Le cannabis entraîne-t-il un "glissement vers des drogues plus dures", comme l'affirme Emmanuel Macron ?

Les spécialistes des addictions contactés par franceinfo dénoncent les "représentations passéistes et fausses" du chef de l'Etat.

Cannabis

« Dire que le haschisch est innocent est plus qu’un mensonge. » Emmanuel Macron a évoqué la consommation de cannabis dans un entretien au Figaro publié dimanche 18 avril.

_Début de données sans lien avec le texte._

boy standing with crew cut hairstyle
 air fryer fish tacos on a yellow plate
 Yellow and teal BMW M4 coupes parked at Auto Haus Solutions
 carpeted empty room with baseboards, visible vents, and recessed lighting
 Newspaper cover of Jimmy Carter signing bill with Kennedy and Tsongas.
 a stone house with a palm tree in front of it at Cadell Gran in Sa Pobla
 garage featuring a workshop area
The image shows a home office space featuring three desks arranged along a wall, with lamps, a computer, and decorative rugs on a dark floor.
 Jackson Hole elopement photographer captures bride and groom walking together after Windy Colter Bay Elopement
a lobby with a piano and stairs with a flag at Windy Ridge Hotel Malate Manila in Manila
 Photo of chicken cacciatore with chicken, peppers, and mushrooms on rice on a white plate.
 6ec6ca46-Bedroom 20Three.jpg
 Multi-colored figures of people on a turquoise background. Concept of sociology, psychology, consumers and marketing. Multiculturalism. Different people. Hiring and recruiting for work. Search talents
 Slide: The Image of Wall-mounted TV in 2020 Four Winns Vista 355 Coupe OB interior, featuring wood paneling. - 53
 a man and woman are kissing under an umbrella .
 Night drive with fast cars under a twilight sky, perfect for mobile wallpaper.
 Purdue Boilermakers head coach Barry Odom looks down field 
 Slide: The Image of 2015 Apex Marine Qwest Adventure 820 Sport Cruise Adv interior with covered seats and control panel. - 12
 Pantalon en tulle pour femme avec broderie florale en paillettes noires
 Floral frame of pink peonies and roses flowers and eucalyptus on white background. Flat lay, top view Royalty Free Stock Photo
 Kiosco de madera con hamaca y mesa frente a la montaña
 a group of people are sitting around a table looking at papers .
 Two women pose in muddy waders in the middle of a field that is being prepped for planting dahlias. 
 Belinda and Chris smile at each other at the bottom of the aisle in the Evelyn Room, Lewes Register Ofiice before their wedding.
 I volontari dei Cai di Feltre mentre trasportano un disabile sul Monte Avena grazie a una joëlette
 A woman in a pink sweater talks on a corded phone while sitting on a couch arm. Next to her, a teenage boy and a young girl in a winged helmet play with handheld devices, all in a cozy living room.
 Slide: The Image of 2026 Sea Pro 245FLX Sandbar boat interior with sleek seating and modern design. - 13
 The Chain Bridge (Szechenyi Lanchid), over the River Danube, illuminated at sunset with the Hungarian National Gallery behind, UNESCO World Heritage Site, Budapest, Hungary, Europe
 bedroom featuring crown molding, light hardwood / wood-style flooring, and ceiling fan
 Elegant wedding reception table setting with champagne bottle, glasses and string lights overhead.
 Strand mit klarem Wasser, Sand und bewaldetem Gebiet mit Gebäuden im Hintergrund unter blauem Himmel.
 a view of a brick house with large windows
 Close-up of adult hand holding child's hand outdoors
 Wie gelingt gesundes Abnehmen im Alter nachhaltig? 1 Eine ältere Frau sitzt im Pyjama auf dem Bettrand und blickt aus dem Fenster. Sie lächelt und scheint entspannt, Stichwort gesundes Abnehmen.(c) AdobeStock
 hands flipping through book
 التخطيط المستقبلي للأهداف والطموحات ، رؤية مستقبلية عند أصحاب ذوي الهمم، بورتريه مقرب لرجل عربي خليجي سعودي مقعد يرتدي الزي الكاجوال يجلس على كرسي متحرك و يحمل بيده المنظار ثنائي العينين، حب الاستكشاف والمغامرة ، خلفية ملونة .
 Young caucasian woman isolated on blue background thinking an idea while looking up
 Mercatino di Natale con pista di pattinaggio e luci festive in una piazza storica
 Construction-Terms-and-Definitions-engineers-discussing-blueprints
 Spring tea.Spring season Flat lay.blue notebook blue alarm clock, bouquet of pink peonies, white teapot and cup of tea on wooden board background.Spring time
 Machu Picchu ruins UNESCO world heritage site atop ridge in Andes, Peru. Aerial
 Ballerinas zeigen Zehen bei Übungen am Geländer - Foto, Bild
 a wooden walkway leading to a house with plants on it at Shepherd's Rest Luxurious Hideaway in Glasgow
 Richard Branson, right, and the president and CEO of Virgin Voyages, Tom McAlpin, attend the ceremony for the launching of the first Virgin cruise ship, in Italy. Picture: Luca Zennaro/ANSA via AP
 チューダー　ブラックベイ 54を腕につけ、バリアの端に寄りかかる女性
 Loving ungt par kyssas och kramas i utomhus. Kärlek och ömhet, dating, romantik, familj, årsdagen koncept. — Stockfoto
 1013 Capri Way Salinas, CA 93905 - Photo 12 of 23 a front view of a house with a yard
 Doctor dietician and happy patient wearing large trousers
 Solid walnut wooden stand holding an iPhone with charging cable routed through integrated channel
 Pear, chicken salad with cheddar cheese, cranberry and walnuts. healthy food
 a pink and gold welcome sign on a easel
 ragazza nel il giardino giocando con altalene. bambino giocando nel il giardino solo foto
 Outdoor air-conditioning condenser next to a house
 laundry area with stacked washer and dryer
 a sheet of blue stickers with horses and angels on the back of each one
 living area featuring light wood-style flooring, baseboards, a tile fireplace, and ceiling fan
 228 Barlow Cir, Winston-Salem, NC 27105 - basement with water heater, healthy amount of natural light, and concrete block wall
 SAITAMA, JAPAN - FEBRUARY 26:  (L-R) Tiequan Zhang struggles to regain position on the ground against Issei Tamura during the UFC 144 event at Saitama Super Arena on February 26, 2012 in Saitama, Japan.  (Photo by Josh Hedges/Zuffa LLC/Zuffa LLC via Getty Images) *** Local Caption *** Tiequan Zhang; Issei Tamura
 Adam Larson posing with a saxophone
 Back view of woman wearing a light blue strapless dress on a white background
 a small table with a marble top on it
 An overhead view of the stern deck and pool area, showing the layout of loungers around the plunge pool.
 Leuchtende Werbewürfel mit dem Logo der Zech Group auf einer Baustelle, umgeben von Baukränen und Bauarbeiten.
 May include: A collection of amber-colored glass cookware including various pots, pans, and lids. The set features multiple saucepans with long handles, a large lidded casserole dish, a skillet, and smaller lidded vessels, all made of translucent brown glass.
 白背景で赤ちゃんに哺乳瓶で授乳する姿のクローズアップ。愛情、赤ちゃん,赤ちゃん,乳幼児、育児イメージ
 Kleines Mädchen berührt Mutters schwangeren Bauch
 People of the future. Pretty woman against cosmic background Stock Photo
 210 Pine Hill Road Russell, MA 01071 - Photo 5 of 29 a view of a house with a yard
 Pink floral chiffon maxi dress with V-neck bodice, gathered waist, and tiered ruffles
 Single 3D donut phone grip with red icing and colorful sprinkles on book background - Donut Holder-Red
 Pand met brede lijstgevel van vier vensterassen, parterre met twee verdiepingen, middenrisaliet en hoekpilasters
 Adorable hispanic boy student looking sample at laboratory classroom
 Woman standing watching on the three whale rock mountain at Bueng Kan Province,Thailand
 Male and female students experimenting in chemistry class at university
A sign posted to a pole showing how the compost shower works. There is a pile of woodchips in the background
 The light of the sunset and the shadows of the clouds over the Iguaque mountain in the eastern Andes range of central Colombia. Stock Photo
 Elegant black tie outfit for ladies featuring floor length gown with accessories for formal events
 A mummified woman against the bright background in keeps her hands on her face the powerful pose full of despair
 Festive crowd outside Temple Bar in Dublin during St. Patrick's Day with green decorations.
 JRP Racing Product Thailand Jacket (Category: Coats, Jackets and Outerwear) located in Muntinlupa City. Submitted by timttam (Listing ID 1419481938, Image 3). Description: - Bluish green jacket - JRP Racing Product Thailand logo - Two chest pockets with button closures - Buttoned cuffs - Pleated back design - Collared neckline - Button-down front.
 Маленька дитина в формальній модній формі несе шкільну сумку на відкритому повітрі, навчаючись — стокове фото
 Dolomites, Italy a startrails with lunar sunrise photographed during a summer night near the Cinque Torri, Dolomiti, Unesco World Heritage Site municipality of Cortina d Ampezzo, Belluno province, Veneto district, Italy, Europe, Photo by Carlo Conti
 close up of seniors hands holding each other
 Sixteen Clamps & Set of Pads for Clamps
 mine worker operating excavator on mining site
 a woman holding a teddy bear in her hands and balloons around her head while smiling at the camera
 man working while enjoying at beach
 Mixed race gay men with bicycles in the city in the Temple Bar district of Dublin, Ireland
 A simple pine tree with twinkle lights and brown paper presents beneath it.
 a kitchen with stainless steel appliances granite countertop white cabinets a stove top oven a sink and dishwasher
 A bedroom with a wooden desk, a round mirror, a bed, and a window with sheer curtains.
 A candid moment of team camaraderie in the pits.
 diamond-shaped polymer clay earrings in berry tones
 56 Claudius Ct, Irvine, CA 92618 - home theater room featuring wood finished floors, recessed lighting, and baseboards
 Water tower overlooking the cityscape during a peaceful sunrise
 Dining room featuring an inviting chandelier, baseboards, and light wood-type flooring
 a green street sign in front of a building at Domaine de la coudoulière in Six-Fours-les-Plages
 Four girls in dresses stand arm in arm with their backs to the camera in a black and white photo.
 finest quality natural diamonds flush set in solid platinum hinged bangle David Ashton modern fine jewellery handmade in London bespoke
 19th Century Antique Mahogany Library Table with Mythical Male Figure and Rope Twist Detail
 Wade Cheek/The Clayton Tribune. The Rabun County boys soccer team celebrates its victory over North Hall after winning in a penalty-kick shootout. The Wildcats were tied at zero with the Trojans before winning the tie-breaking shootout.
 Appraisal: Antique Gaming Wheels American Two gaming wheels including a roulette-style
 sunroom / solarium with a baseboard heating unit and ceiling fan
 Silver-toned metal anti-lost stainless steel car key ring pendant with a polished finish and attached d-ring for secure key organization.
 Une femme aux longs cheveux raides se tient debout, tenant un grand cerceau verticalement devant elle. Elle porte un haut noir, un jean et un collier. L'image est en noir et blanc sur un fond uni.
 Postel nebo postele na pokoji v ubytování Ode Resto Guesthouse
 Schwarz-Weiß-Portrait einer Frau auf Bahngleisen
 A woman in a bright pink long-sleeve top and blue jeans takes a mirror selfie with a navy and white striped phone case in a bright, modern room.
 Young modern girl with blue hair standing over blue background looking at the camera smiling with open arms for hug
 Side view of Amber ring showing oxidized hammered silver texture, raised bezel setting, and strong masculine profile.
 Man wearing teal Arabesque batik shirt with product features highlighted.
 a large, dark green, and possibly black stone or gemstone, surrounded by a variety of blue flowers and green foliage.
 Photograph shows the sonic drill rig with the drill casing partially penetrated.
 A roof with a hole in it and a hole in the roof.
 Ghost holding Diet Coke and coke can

Au milieu de cette interview centrée sur la sécurité, le chef de l’Etat mentionne cette drogue pour parler de délinquance et de crime organisé.

Le président fait également cette remarque sur le parcours des consommateurs de cannabis : « Je ne parle même pas des effets de glissements vers des drogues plus dures. » Le locataire de l’Elysée a-t-il raison d’affirmer que le cannabis ouvre la voie à d’autres substances ? Franceinfo a interrogé des addictologues.

Le schéma selon lequel le cannabis est un passage vers des drogues plus dures est appelé théorie du « gateway », de « l’escalade », du « tremplin » ou encore de la « porte d’entrée ». Elle a été élaborée « lors de la première moitié du XXe siècle par les autorités américaines », expliquait Le Figaro en 2015. Elle a ensuite été portée par des recherches de la neurobiologiste américaine Denise Kandel en 1975. Emmanuel Macron relaie de « vieilles corrélations » établies dans les années 1970 et 1980, observe Alain Morel, psychiatre, spécialiste des addictions, et directeur général de l’association Oppelia. On retrouvait en effet, à l’époque, du cannabis et de l’héroïne dans le parcours de consommation des jeunes.

« A l’écouter, on dirait qu’il ne s’est rien passé » dans la médecine, la recherche et la prise en charge des patients, juge Amine Benyamina, médecin au service d’addictologie de l’hôpital Paul-Brousse de Villejuif. Car depuis les années 1970, d’autres scientifiques se sont intéressées au sujet et ont contredit cette théorie. Le débat est en effet clos depuis de longues années, assure-t-il.

« Aucune étude ne prouve la théorie de ‘l’escalade’, c’est-à-dire que l’on commence par du cannabis et que l’on devient héroïnomane », corrobore Amine Benyamina. Cette théorie est d’ailleurs si obsolète qu’« il n’y a presque plus personne [parmi les chercheurs] qui travaille vraiment là-dessus », souligne Alain Morel.

On en retrouve toutefois une trace dans le magazine américain The Atlantic (en anglais) qui rapportait, en 2015, les résultats d’un sondage mené en 2012 aux Etats-Unis. Selon les données recueillies, 65% des consommateurs de cannabis ont d’abord essayé l’alcool et 40% des personnes ayant testé le cannabis ne testeront pas d’autres drogues par la suite.